Work instructions: Starting with the line that has "Kleinn Air Horns" in the records below and stopping after the line that has "High Quality Wispy", output every line exactly and nothing else; skip pictures.

Input data:
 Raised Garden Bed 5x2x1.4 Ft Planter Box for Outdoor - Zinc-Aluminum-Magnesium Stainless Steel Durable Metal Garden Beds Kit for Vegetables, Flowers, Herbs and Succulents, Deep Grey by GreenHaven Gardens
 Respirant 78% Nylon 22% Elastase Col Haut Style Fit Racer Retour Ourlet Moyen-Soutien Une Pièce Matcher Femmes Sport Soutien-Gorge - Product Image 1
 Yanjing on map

* * *

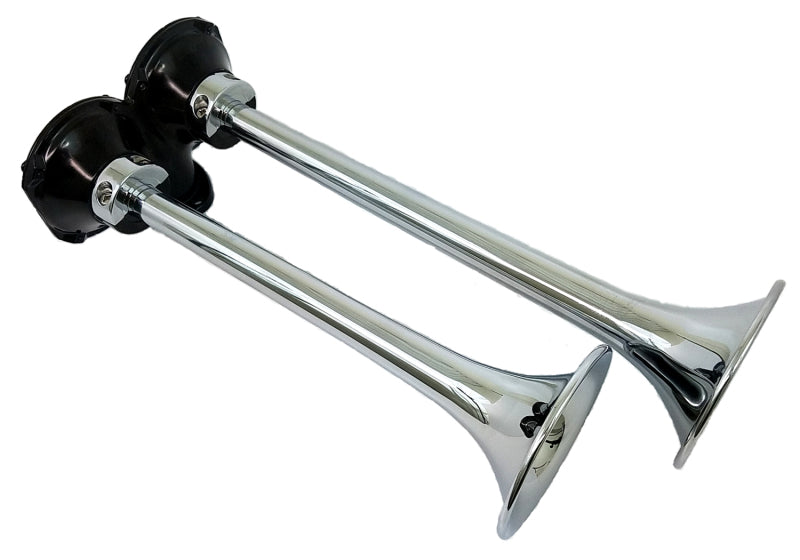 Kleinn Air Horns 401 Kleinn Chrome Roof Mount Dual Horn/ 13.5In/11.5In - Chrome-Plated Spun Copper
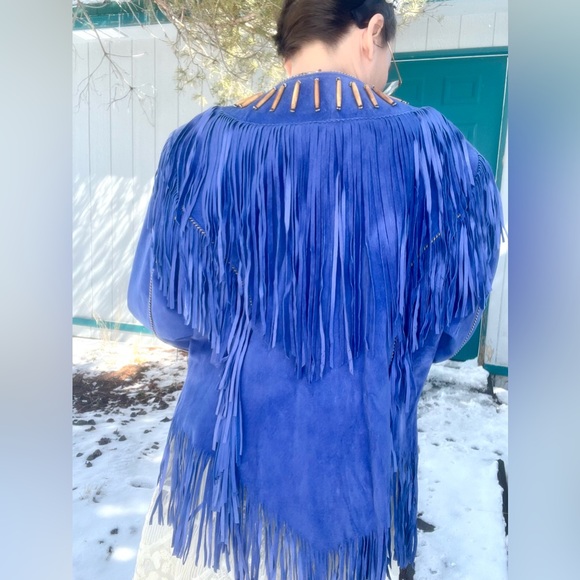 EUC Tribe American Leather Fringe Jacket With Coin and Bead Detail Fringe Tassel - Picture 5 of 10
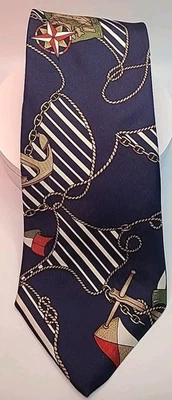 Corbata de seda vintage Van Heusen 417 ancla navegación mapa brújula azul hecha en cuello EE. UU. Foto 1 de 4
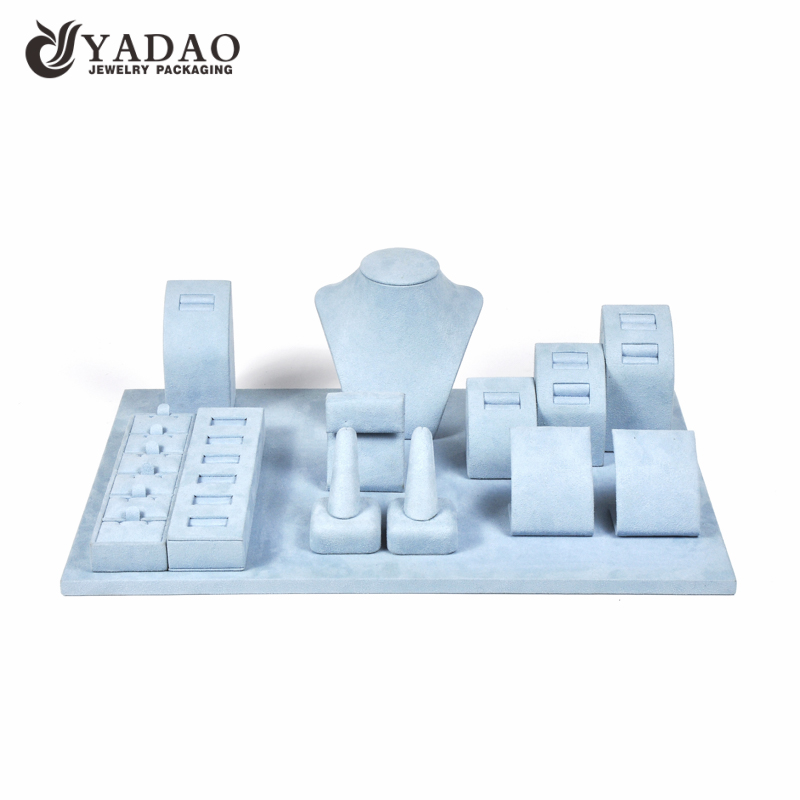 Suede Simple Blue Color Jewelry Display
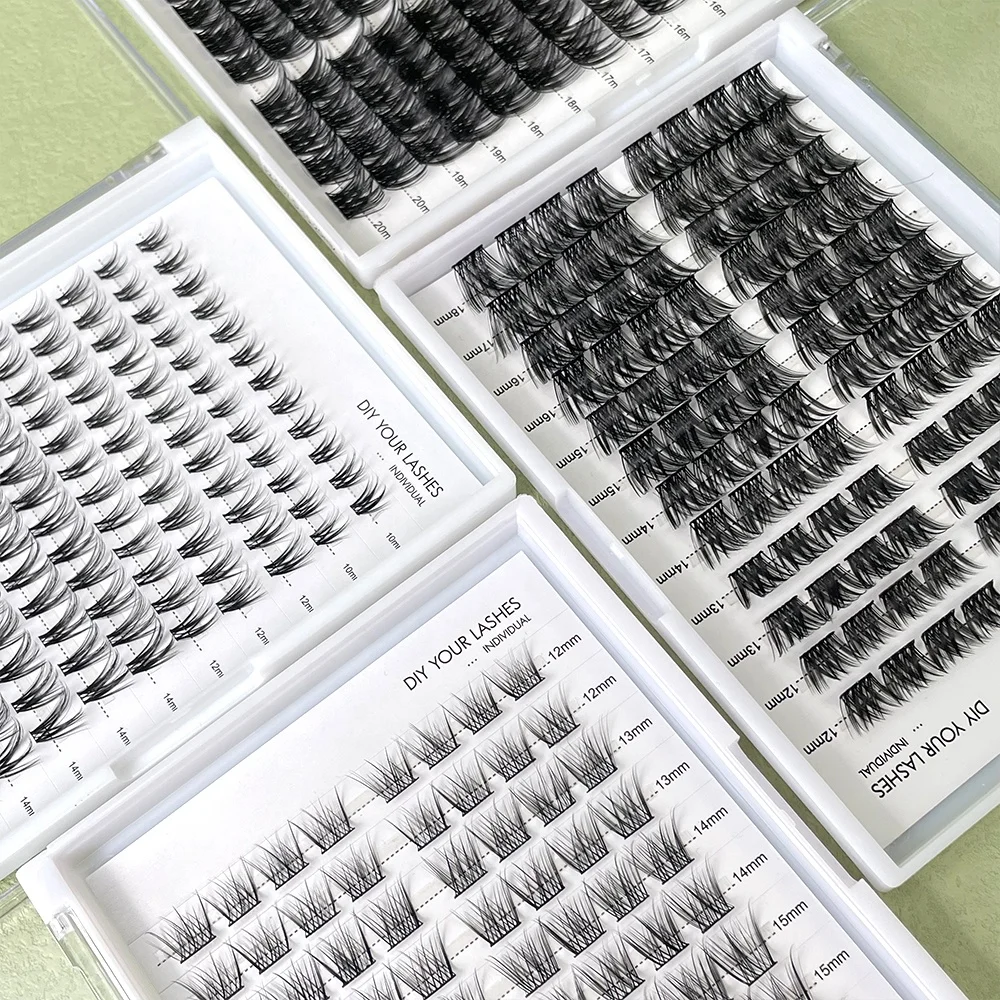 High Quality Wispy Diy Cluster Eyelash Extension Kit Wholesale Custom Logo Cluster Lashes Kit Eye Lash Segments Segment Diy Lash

Solved problem:
 Kleinn Air Horns 401 Kleinn Chrome Roof Mount Dual Horn/ 13.5In/11.5In - Chrome-Plated Spun Copper
 EUC Tribe American Leather Fringe Jacket With Coin and Bead Detail Fringe Tassel - Picture 5 of 10
 Corbata de seda vintage Van Heusen 417 ancla navegación mapa brújula azul hecha en cuello EE. UU. Foto 1 de 4
 Suede Simple Blue Color Jewelry Display
 High Quality Wispy Diy Cluster Eyelash Extension Kit Wholesale Custom Logo Cluster Lashes Kit Eye Lash Segments Segment Diy Lash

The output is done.